Diess wollte, so berichtete es das Handelsblatt und VW-Kreise bestätigten das der SZ, diskutieren, wie die Zukunft bei der Marke VW aussehen könne. Und nahm bei der Aufsichtsratssitzung eine Zahl in den Mund, die viele erschreckte: Ein Abbau von bis zu 30 000 Stellen sei möglich, das wäre jeder vierte Job bei der Kernmarke. Seine Presseleute erklären nun zwar, dass es "keine konkreten Szenarien" gebe, aber weisen doch darauf hin, dass "wir uns angesichts der neuen Marktteilnehmer mit der Wettbewerbsfähigkeit unseres Werks in Wolfsburg befassen müssen".

Das ist - mal wieder - ein Angriff auf Wolfsburg, den Standort, an dem schon die mächtigen Ex-VW-Patriarchen verzweifelten: Die Legende besagt, dass Ferdinand Piëch seinen Ziehsohn und zwischenzeitlichen Konzernchef Martin Winterkorn das Stammwerk zeigte mit den Worten: Kümmere dich um alles, aber lass das hier laufen. Zu stark sind die Vertrauensleute der IG Metall hier, zu stark ist der Betriebsrat an dem Wohlergehen der Leute hier interessiert, als dass eine betriebswirtschaftlich sehr attraktive Marge möglich wäre. Diess wollte sich nie an diese ungeschriebene Regel halten. Seit man ihn zu VW geholt hat, will er damit brechen - auch weil er sich sonst so schwertut mit seinen Sparvorgaben: Wenn der Kern des Ladens nicht läuft, wieso sollen wir uns dann so strecken, fragen sie in den anderen Werken, bei den Schwestermarken.

Und nun?
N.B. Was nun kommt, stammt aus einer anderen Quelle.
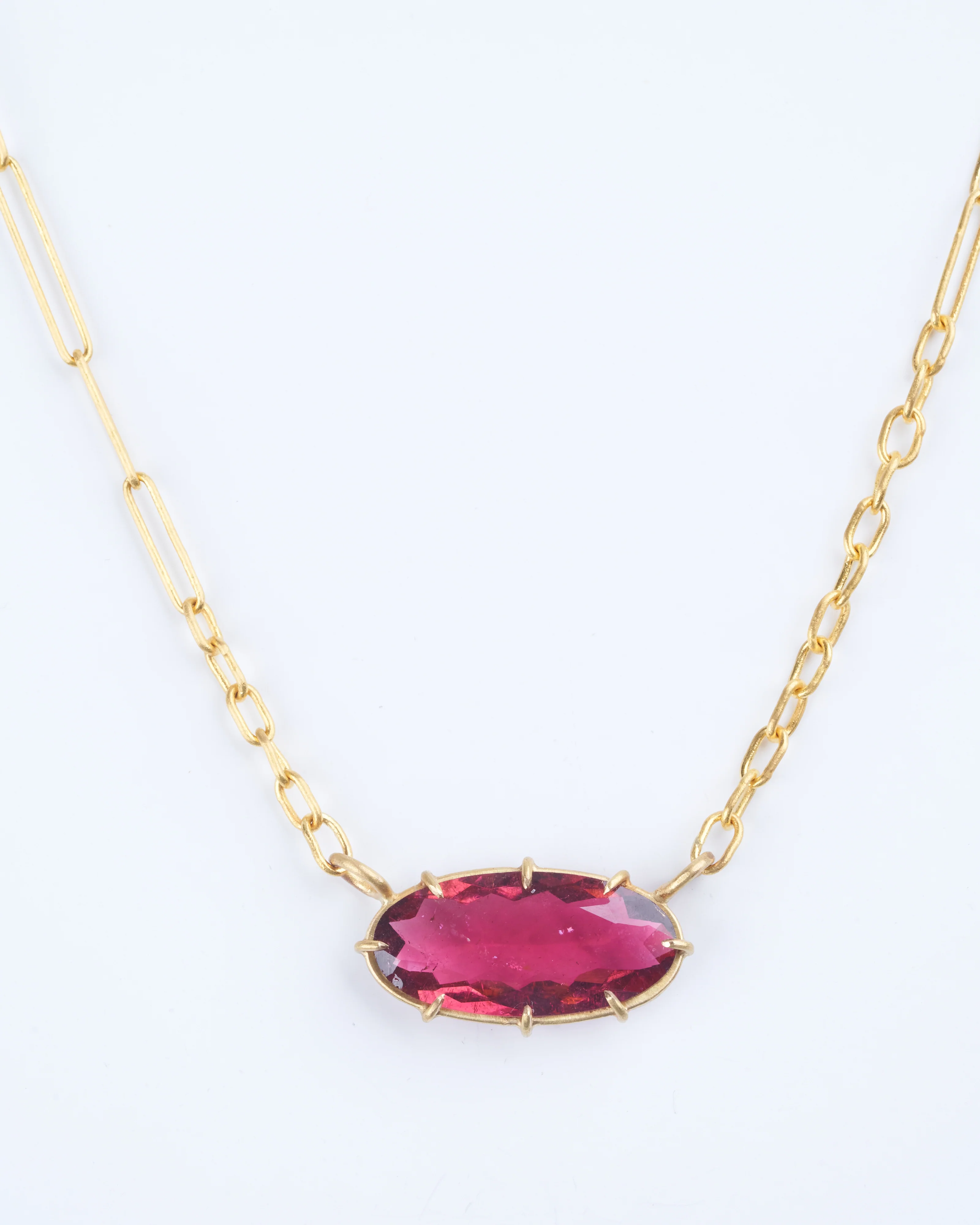 rubillite tourmaline faceted oval pendant necklace - gold/ purple - Image 2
Dass Diess tatsächlich so eine Stellenkürzung durchsetzt, ist vorerst kaum denkbar, auch wenn sie gestreckt wäre auf 3000 Jobs pro Jahr. Da gehen wir nicht mit, sagen Konzern-Entscheider, die darauf verweisen, dass Diess mal wieder in sein unsoziales Muster verfalle: Führung und Veränderung über Provokation. Von Arbeitnehmerseite heißt es: "Absurd." Sie erwarte, erklärte Betriebsratschefin Cavallo, dass der Konzernvorstand "sofort unmissverständlich" klarstelle, dass es keine Gedankenspiele über irgendeinen Arbeitsplatzabbau gebe. Diess wird reagieren, das ist gewiss. Wahrscheinlich auf seine Art.